# bearded dragon basking bulb?



## louize (Jun 7, 2009)

hi, just thought id see what everyone here thinks is the best to use basking spot light for the bearded dragon?


If you could tell me what you think will be the best for a 3 foot tank to keep the temps 100 - 110 on the basking spot?


If you could tell me the name off the bulb and wattage witch would be best for the 3 foot viv, and if you could link me to the item so i know the exsact one, and dont get the wrong item.


hope somone can help me here, thanks

louise

:flrt:


----------



## louize (Jun 7, 2009)

BUMP ( so i can go out to buy today and get basking spot sorted )


----------



## pete-vtr (Sep 16, 2009)

how high is the viv?

im using 100w spotbulbs fom b+q there £2.50 for two


----------



## louize (Jun 7, 2009)

the viv is 3foot long and 1 foot high?

( P.S thats a estimate guess of hight has i no tape measure to hand, but was a 3 foot viv bought from a reptile shop )

hope you can help!, Would i need a 100W r80 spot bulb?


thanks

louise


----------



## lee young (Oct 14, 2009)

Depends on a few different factors, weather outside, temps of your room the viv is in etc etc. Without a dimming stat its hard to say exactly. In my 3ft I used to use a 40W in summer, but at this time of year in a cold room a 60W wasnt enough and a 100W was a bit too much. Id say if you can afford it get a 100W bulb on a habistat dimming thermostat. All the bulbs I mentioned were from B&Q and were standard spotlights. (R63 for 40+60W and R80 for 100W)


----------



## louize (Jun 7, 2009)

Ok thankyou, i will purchase a 100W R80 spot light. 
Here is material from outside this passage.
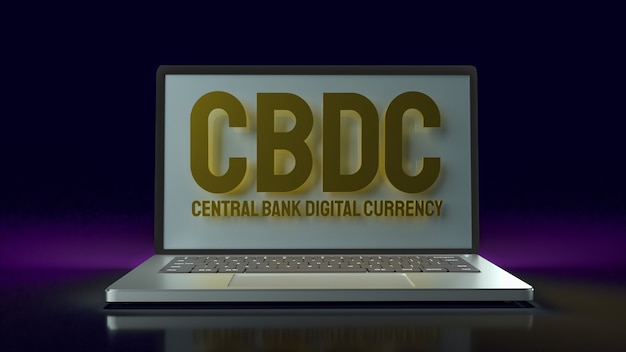 Le cddc ou le texte d'or de la monnaie numérique de la banque centrale sur un ordinateur portable pour le rendu 3d du concept d'entreprise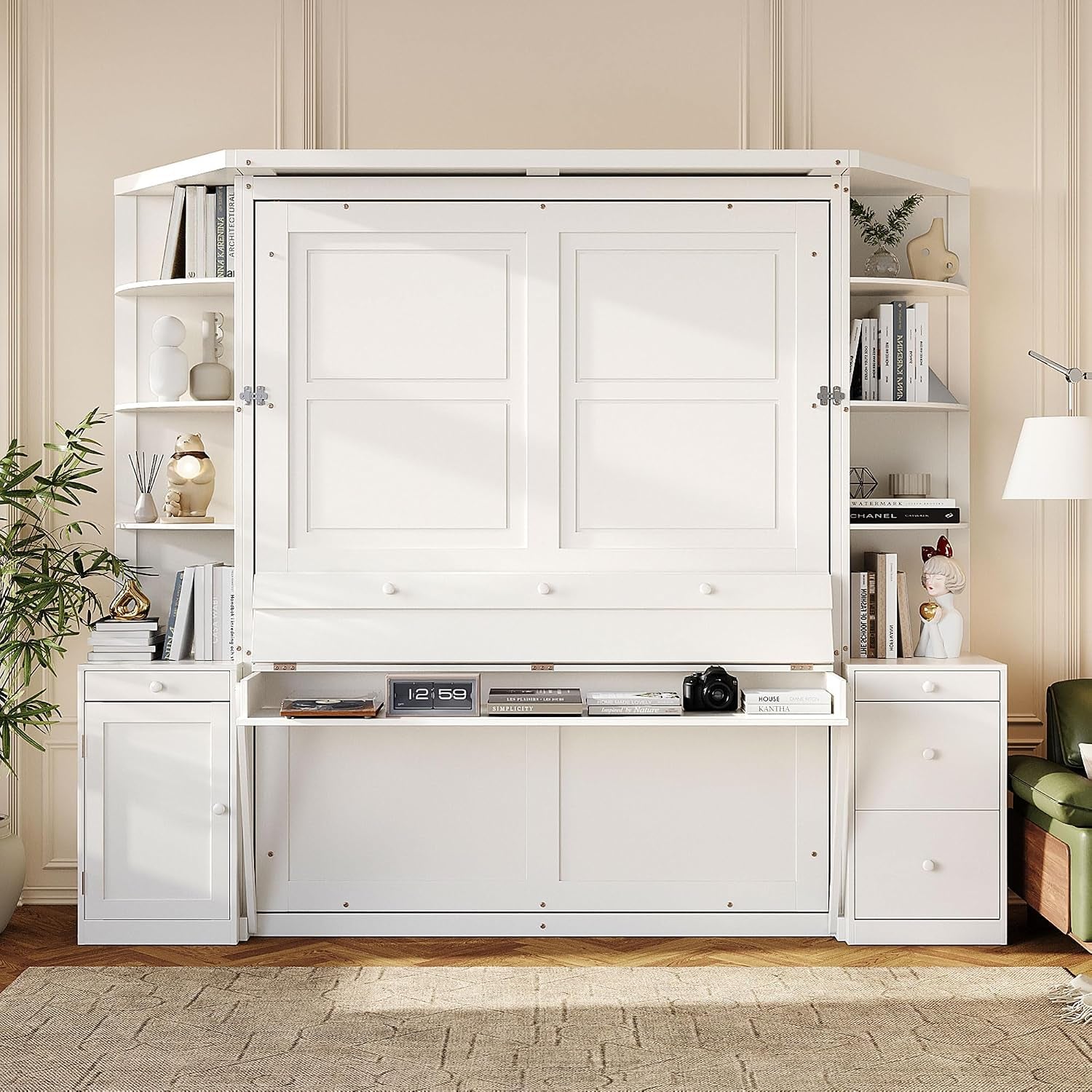 queen-murphy-bed-with-storage-shelves-and-desk-cabinets-lights-white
has its very cold here in wigan, uk. Its a wooden vivarium bought from reptile shop with glass doors, and 2 air vents, with a 10% uvb.


And yes a 60W doesnt seem to be enough for me either, so i will use my magic eye stat and set it to heat to the desired temp and then cheak basking spot temps, in summer i will down grade to probs a 60W r63 spot light bulb :2thumb:


Would that be my best option to get thease high basking temps?


thanks

louise

:flrt:


----------



## lee young (Oct 14, 2009)

Yeah im running a 100W R80 with a dimmer and it works fine. Bear in mind the R80 bulbs are a little larger that the R63 ones, so it will be a bit closer to the basking spot, but as long as the cool end is cool enough it doesnt matter if the basking temp goes up a bit, it just means your beardy wont have to bask for as long to warm up. Ive found anything up to a basking temp of about 120 works fine.


----------



## louize (Jun 7, 2009)

ok thankyou for the help, one last thing, what are the ideal temps of the hot end but not basking spot


( air temp off hot end needed to be )


thanks

louise 

:flrt:


----------



## lee young (Oct 14, 2009)

My temps are 82F at the cool end, between 91 and 95F at the warm end and a basking spot of 110-115ish. Ambient temps were measured at the back wall approx. 1" above the substrate (as heat rises the top of the viv might be a few degrees hotter)
Use the thermostat to get the right hot end/cool end temps, and then move the basking rock/log to acheive the best basking temp. If you can't get enough of a gradient, you might need another vent or two at the cool end.


----------



## louize (Jun 7, 2009)

ok thankyou :2thumb:


----------